Le démantèlement du site principal de PDIs à Kolofata au début du mois de mai 2020 a provoqué un afflux supplémentaire de population au sein même de la ville. Selon les conclusions de la mission interagence, conduite conjointement par des ONGs et les agences des Nations Unies le 18 juin 2020, plus de 4,000 PDIs ont rejoint les multiples sites spontanés au cœur de la ville alors que 1,500 se sont déplacées plus à l’ouest dans les localités de Gance, Kourgui et Mora. La ville de Kolofata est congestionnée par cet afflux ; les PDIs y représentent désormais plus de 65% de la population totale. Les services sociaux de base, l’accès à l’eau potable et à l’alimentation subissent donc une énorme pression avec ce nouvel afflux. Le démantèlement du site de « Gréa » s’est exécuté de manière volontaire, les PDIs se sentant de plus en plus menacées par les infiltrations d’éléments de Boko Haram, et se retrouvant souvent soupçonnées en retour de complicité par les Forces Armées. Ces dernières se sont félicitées du démantèlement du site qui, en l’absence de tranchées de sécurité, empêchait de réaliser la « sanctuarisation »1 totale de la ville de Kolofata. Les organisations humanitaires de leur côté évaluent les possibilités de transfert des activités alors en cours sur le site ; vers les quartiers de Kolofata où sont désormais concentrés les PDIs.

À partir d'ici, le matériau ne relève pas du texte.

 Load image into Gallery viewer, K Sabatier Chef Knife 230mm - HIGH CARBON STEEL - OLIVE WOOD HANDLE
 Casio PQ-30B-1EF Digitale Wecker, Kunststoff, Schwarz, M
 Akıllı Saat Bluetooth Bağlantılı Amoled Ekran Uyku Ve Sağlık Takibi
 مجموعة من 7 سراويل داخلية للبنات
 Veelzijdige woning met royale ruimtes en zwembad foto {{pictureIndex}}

Dans le Logone et Chari, les arrondissements de Fotokol, Makary, Hile Alifa et Darack sont toujours l’objet d’infiltrations sporadiques des groupes armés. L’accès des organisations humanitaires dans ces arrondissements est rendu très difficile en raison de la dégradation des pistes liée au début de la saison pluvieuse. Comme dans l’ensemble du département, les membres des organisations humanitaires basés à Kousseri sont de plus en plus isolés en raison de la fermeture de la frontière avec le Tchad d’une part et de la dégradation rapide de la seule voie terrestre d’accès sûre vers Maroua.

Le nombre de réfugiés nigérians accueillis au camp de Minawao dans le département du Mayo Tsanaga continue d’augmenter régulièrement. Au 30 juin, le HCR enregistre 66,000 réfugiés vivant dans le camp. Les réfugiés bénéficient de nombreux programmes d’assistance et de développement de moyens de subsistance mis en place et maintenus par le HCR malgré une baisse significative des ressources disponibles.

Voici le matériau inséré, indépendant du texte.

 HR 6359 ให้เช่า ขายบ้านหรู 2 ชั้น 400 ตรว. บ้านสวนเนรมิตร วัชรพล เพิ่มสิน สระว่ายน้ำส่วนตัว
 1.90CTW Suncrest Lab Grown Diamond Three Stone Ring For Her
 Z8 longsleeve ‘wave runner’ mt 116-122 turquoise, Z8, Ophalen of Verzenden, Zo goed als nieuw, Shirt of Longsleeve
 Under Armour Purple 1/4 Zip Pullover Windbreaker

A la fin du mois de juin, la Délégation Régionale de la Santé Publique (DRSP) déclarait 110 cas positifs à la COVID-19 dont six décès. La décentralisation de la capacité de test rapide dans chaque district de santé à partir du 22 juin va permettre de mieux connaitre le niveau de propagation du virus dans les zones rurales. L’épidémie de rougeole est toujours présente dans l’Extrême Nord. Depuis le début de 2020, 743 cas et quatre décès ont été rapportés dans 12 districts de santé – sur 31 au total.

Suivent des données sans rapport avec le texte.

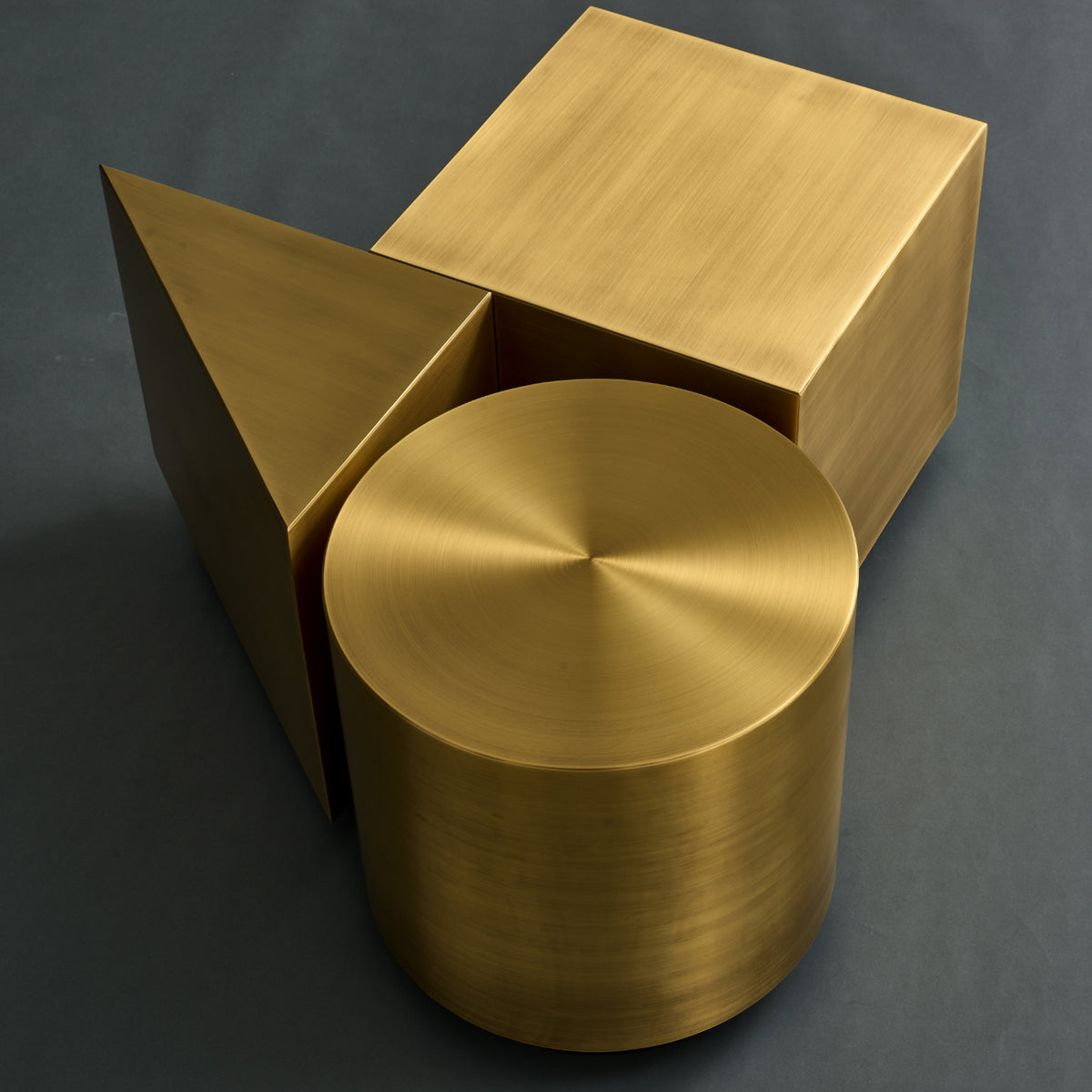 Forme 18-in Satin Bronze Table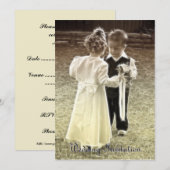 Trouwkaart voor je jeugdliefde kaart (Voorkant / Achterkant)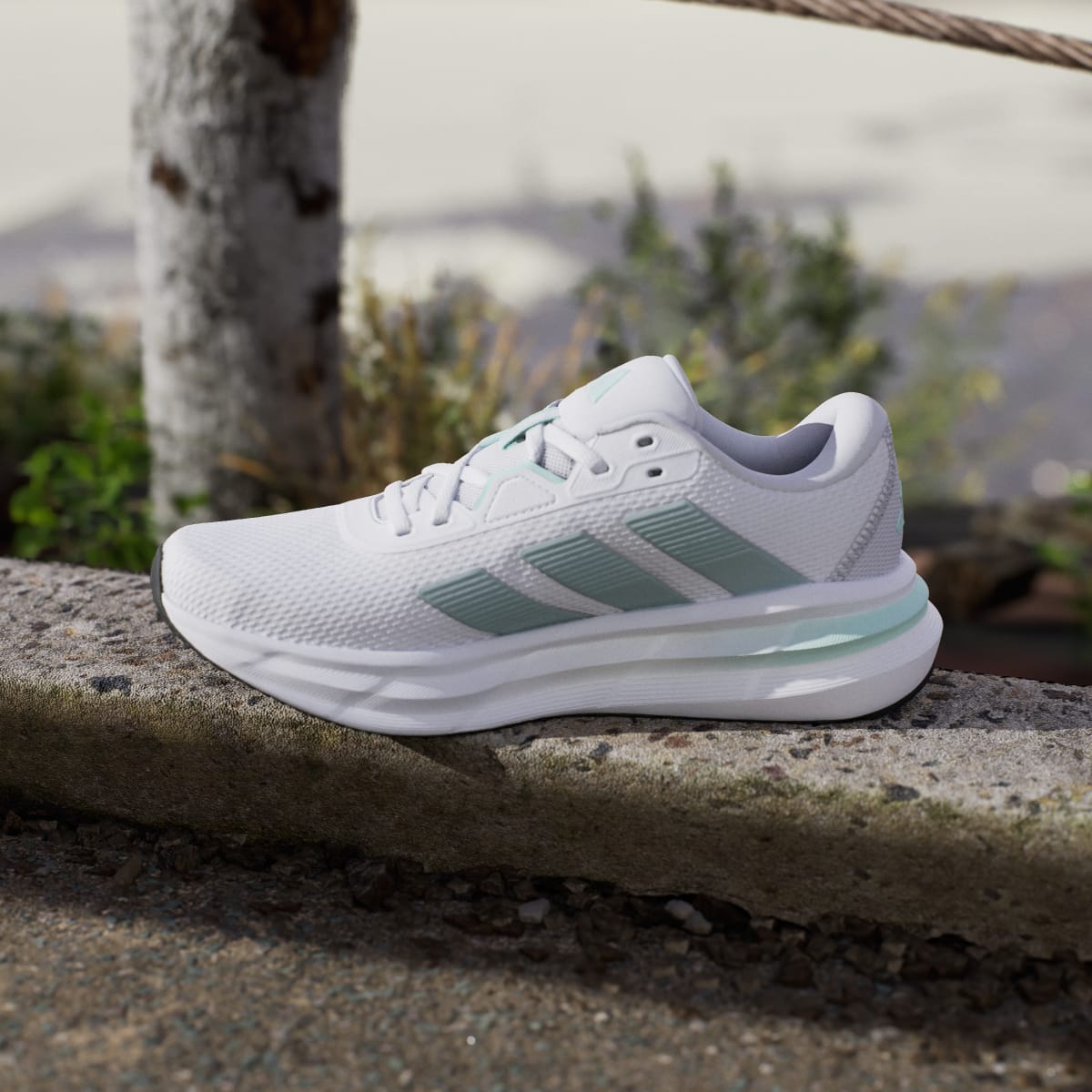 adidas Women's Galaxy 7 Running Shoes - Cloud White / Magic Grey Met / Semi Flash Aqua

Après la suspension des cours instruite par le Gouvernement en avril 2020 dans le cadre de la riposte à la pandémie de la COVID-19, la majorité (90%) des écoles de la région ont rouvert leurs portes le 1er juin. Seuls les classes d’examens ont repris au primaire, où 87% des élèves ont effectivement rejoint leur classe. Grâce à l’appui des organisations internationales, des protocoles d’hygiène adaptés ont été mis en place pour limiter le risque de propagation du virus. Ces appuis restent néanmoins insuffisants et répartis de manière inégale dans l’ensemble des départements.